Both declines start in the 1980s, so it's not the industrial revolution -- and it predates popular adoption of the internet, too. These recent phenomena might be contradicted by positive social justice transformations since the 80s, which might require empathy, but a sense of fairness is not necessarily about empathy -- as a game-writing guy, this is very apparent to me.

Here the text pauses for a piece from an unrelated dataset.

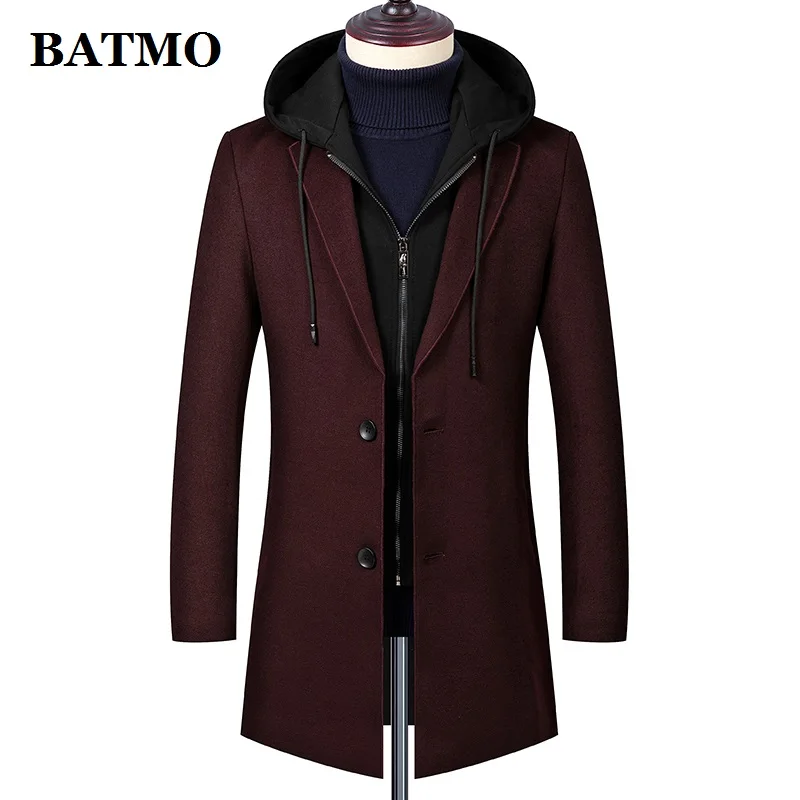 BATMO Новое поступление 50% шерстяной мужской Тренч с капюшоном, мужские зимние шерстяные Длинные куртки, размер M-4XL 1850 - Цвет: B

In any event, I don't think it's as simple as blaming a technology, but I do think the change is real and that social media may will not be a simple influence. But I wonder if artificial social connectivity is the Uncanny Valley of friendship and empathy.
posted by mobunited at 12:35 PM on May 15, 2012


I was just talking to my mom the other day about the awesomeness of social media for forming offline connections; I have little kids and we were talking about how hard it is when you're trying to find playmates for your pre-school-aged kids. There is just NOTHING in my town for the summer for the 3-and-under set, and after grousing about it with some other moms I know, I finally went ahead and set up a weekly park playdate for preschoolers for the summer, e-mailed families I knew with kids the right age, and set up a facebook group for it. Within 48 hours I had 21 families who'd asked to join the facebook group and we start in two weeks. My mom was like, "Man, I wish we'd had that when you guys were little, it was so hard to find other kids your age ..."

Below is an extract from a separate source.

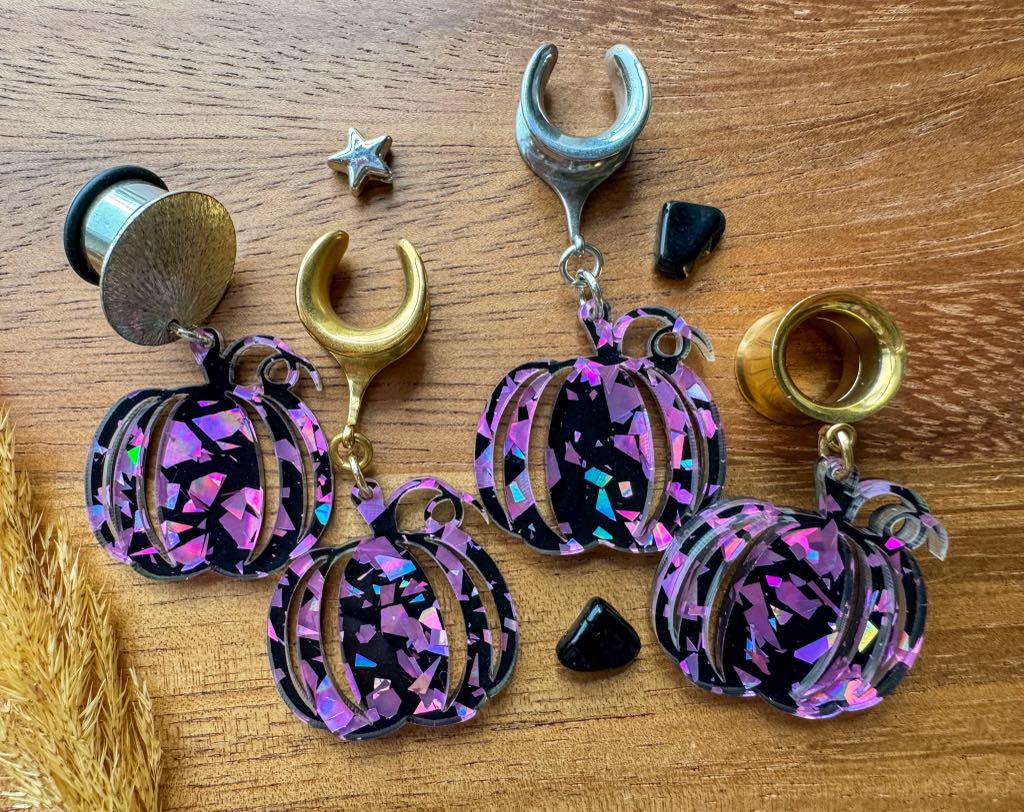 Confetti Pumpkins Plug Earrings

For me social media's mostly been a positive; blogging helped me find friends when I moved to a new city and knew no-one; facebook (which I joined after my first was born) helps me get parenting sympathy and advice (the helpful kind you ask for, not the annoying kind that you don't) ... from people with kids my kids' age, people with teenagers, people with kids MY age who are starting on grandchildren! Having young children can be really isolating, so I don't feel like facebooking during naptime is displacing other connections, but is helping me build connections that I can take offline when I get to, you know, leave the house.

Clearly social media can also be used to enable oneself to be a hermit to the detriment of one's emotional health, but I mostly see people using it to maintain long distance connections (that in the past might have been dropped or turned into yearly Christmas cards only) and to build local connections that they take offline.
posted by Eyebrows McGee at 1:37 PM on May 15, 2012


While I'm on a rant, I'd like to talk to those who complain about how everyone in coffee shops/subways/queues/etc. are all too busy staring at their phones to be social and talk to those around them. I hate to burst your bubble, but you're probably not as cool and awesome as you think; and Geographic Proximity is not some amazing trait that suddenly makes you the world's most interesting person.

I’ve rarely seen a more vivid example of missing the point. But I don’t totally mind that people are constantly distracted by their phones, this lets me know who the dull people are that I should avoid.